Sixteen years on, I loved him even more than I had at first sight. I knew him better now, but my instincts about him had been right. He had turned out to be just as kind and trustworthy as I had suspected he was, if not more. When he kissed me under the streetlight, when our souls met, he became mine, as much as I became his, and I dreamed that it would always be that way.
Until this morning – when he’d barely been able to look me in the eye – I had been confident our feelings were as unshakeable as they had been back then.
I wanted one last shot to prove to him that anyone would buckle under the pressure Rosie put me under. He was the only one who had seen her in action, at her worst. Even a living saint would struggle to stay composed. However ashamed I was of what had happened, I needed him to stick by me, to believe in me, to know in his heart of hearts that I would never willingly hurt her. If he believed in me, then I could believe in myself.

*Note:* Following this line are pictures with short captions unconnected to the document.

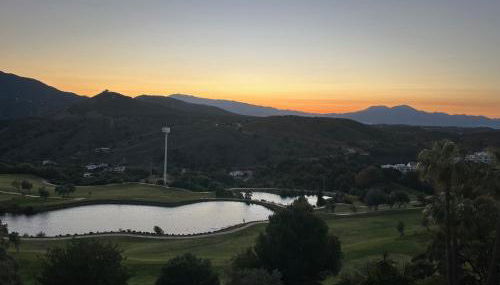 Alhaurín Golf Premium Views - Photo 3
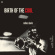 Miles Davis - Birth Of The Cool Miles Davis - Birth Of The Cool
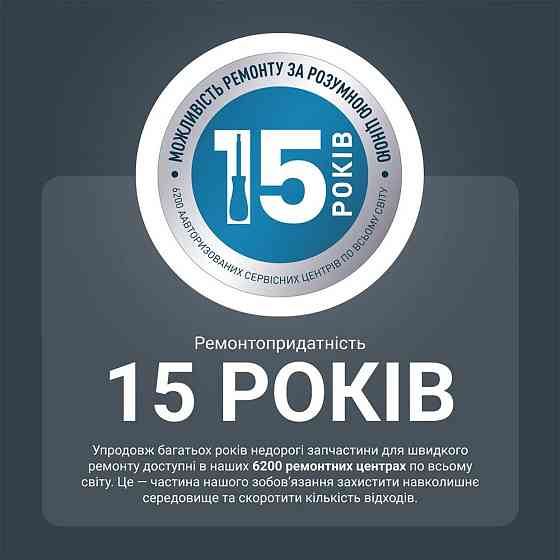 Аккумуляторний пилосос Rowenta X-Force Flex 14.80 Animal Aqua RH9BC1WO ( Синій ) Харків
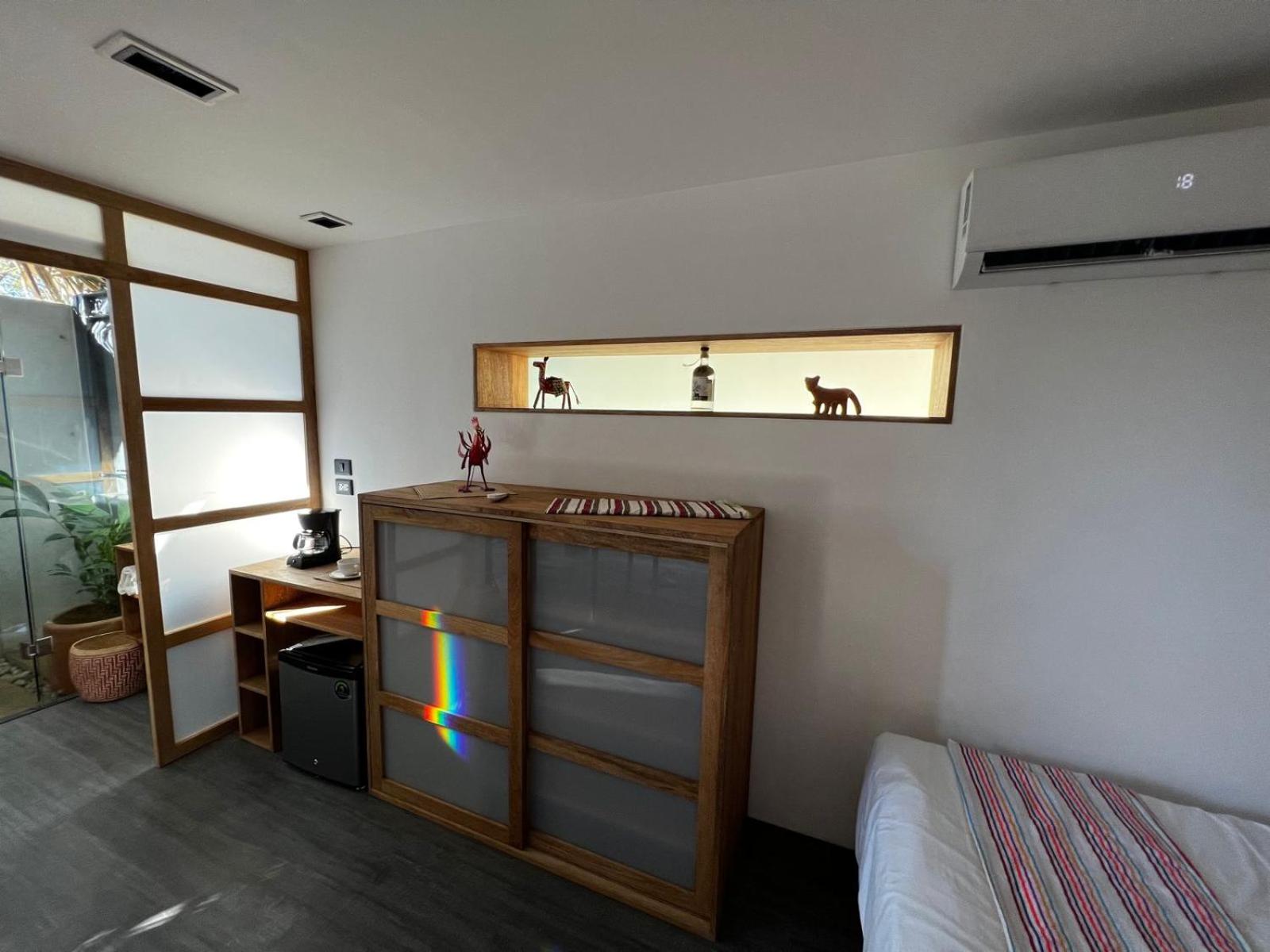 King Room with Pool View
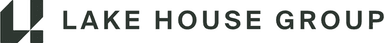 Lakehouse Group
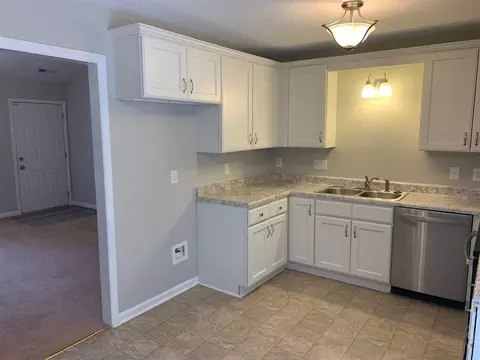 219 Ruby Ridge Rd, Durham, NC 27703 photo 8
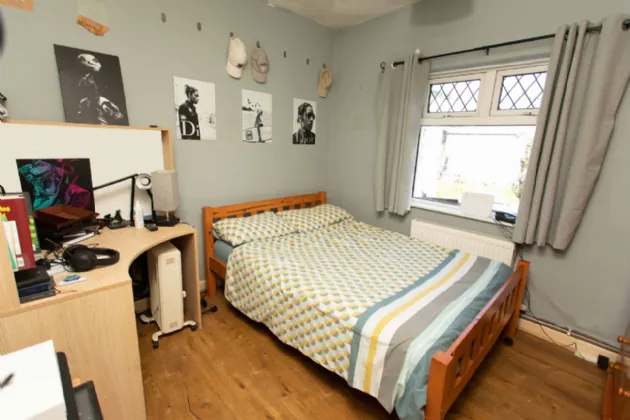 Photo of 36 Knockmoyle, Tralee, Co. Kerry, V92 C7N0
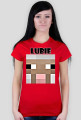Lubie Owce
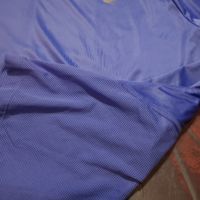 Nike Miler Спортна/Блуза Дамска/L, снимка 5 - Блузи с дълъг ръкав и пуловери - 45753697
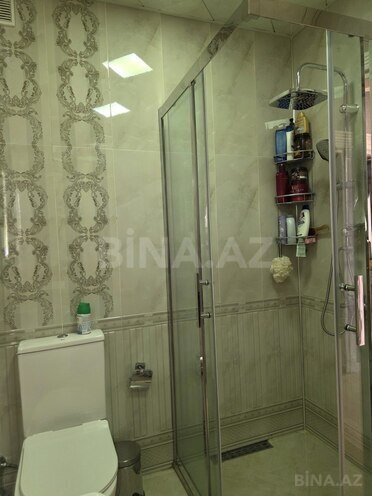 Продаётся 3-комн. новостройка 115 м², м. 20 января, photo 9 from 28
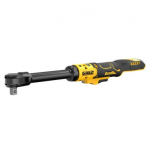 Aku narre-mutrikeeraja DeWalt DCF512EN-XJ; 18 V; 95 Nm (ilma aku ja laadijata)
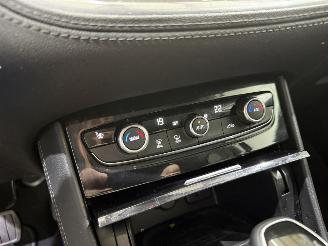Opel Grandland X 1.2T Business Exe Automaat picture 37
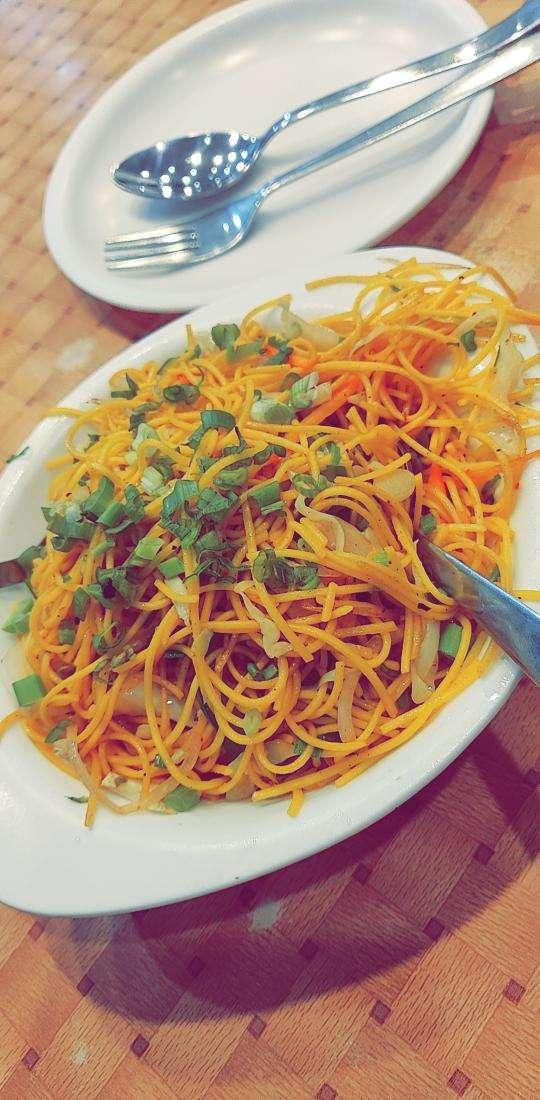 Shree Om Bikaner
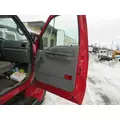 FORD F750 Door Assembly, Front thumbnail 2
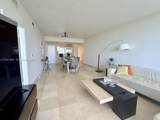 601 36th St - Photo 45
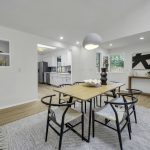 8-web-or-mls-3545 Clover Cir-16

The waiter led Peter to our table. We held each other’s gaze as he wove through the tables, just as we had when I walked down the aisle towards him, the rest of the room blurring into nothingness.
We were shy with one another, more so than on that first date.
‘You were so angry with me this morning.’
‘No,’ he said, shaking out his napkin onto his lap before we had ordered.